I’m currently (yet again) sick! And annoyingly, every time I get physically sick here I get a bit emotionally sick too. I turn into a pessimistic, life hating troll who can see no good in myself, instead basking in Norman’s cruel taunts and adding fuel to his fire in any way possible.
This time as always, it kicks off with questions about the authenticity of my illness. I collude with Norman and together we come to the conclusion that I’m not properly ill, I’m just skiving and being lazy, because I am, at the heart of things, an incredibly lazy person. Which leads nicely on to my lack of ambition. I never stick at things, I just want an easy life, I’m perennially bored but avoid hard work or in fact doing anything at all – blah blah blah the tirade goes on.

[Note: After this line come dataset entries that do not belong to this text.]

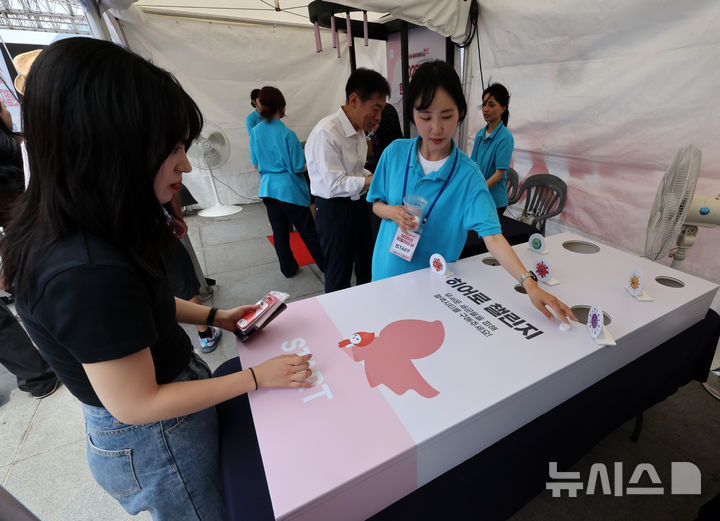 [서울=뉴시스] 배훈식 기자 = 세계 헌혈자의 날을 하루 앞둔 13일 오후 서울 종로구 광화문광장에서 열린 2025년 헌혈자의 날 행사에서 시민들이 체험활동을 하고 있다. 이번 행사는 오는 15일까지 계속된다. 2025.06.13. dahora83@newsis.com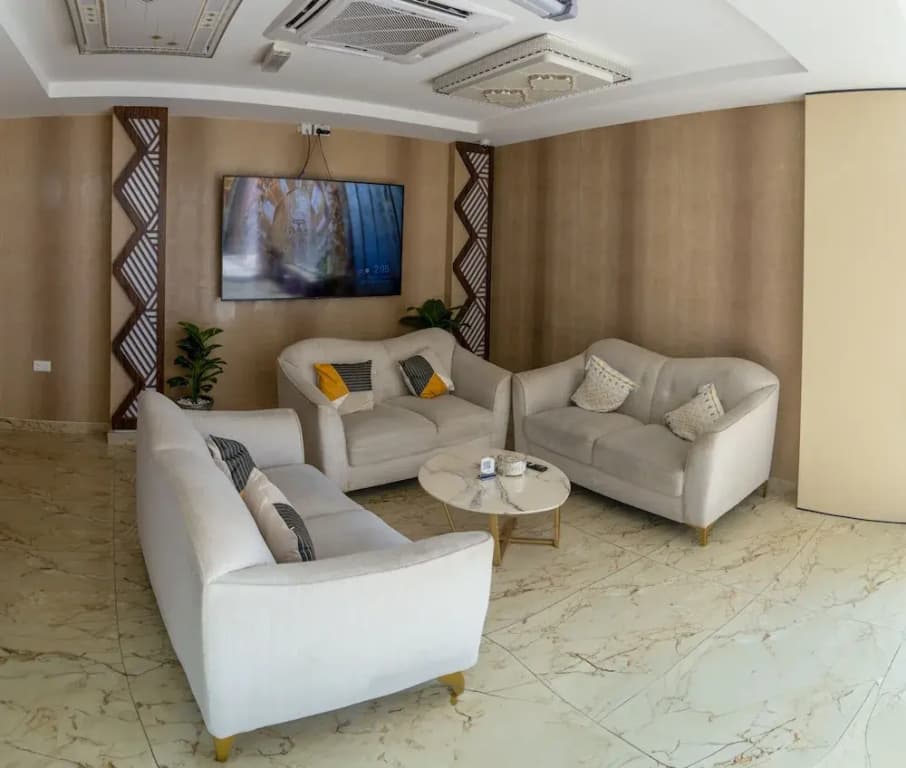 Diamond Star Hotel - photo 4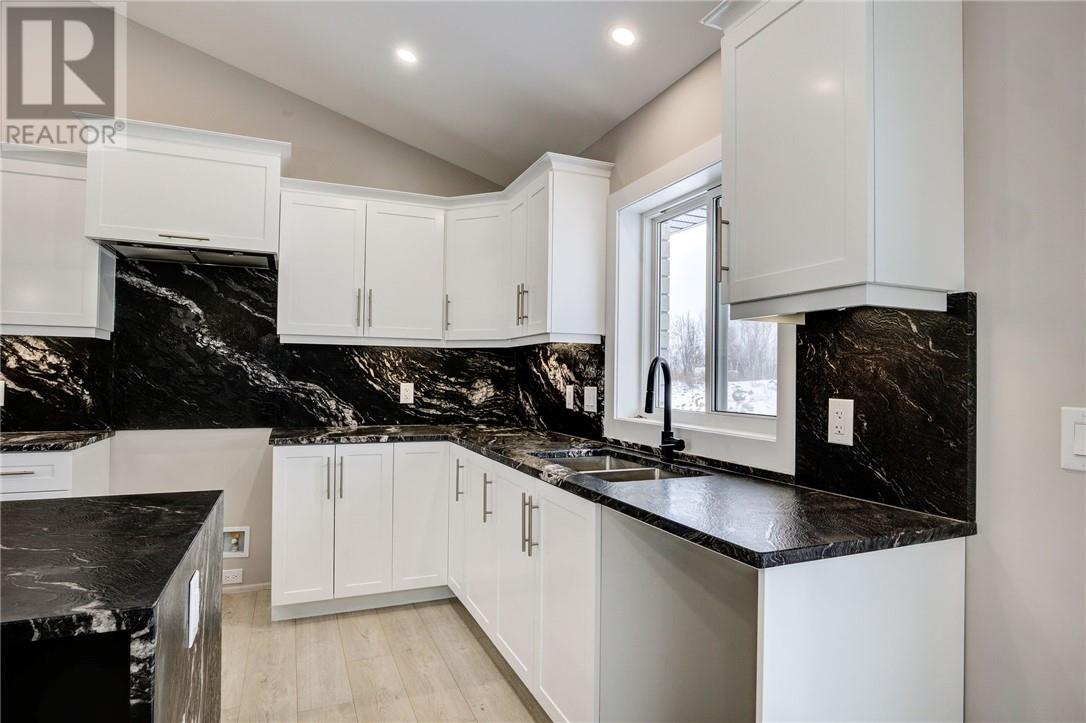 837 Moonrock Avenue, Sudbury, Ontario, P3E5Z5 — Photo 7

I compound the lazy assertion by lying listlessly watching shite tv (yep back to back episodes of Real Housewives – shock horror!).
Ignoring the fact that the mindless viewing is interspersed with regular visits to the bathroom to perform stomach and bowel cleansing activities, I return periodically to my conversation with Norman on the topic of my fraudulently ill status. This isn’t real illness, anyone else would go to work but oh no, not me, lazy cow that I am, I just want to sit here sweating like a moose (do Moose actually sweat I wonder and if not why on earth do I use that phrase?) with a blinding headache and a big fat miserable chimp for company!
And then I manage to flip it briefly and think about what I want to do with my life. The last few weeks have opened up some great opportunities for me professionally and made me think carefully about how to drive my life forward to make sure I’m getting what I need from my work. But again Norman invites me to join him in a self-flagellation session reminding me that I’m not a fully qualified counsellor or coach or anything basically – just a big fat fraud!
After a day of this toing and froing I tell Norman to do one and turn to sleep to find respite from my own head, only for the whole thing to kick off the whole thing again 14 hours later when I eventually wake up to Norman quickly pointing out what a lazy cow I am for sleeping so long.
A case of same sh*t (metaphorical and physical) different day on Tuesday, although the table was definitely turning as I found myself arguing with Norman more often than I was agreeing with him.
And so to day 3. I’m back at my desk, still not 100% fit physically but getting there and 110% ready to tell Norman to do one and get on with living (and loving) my life.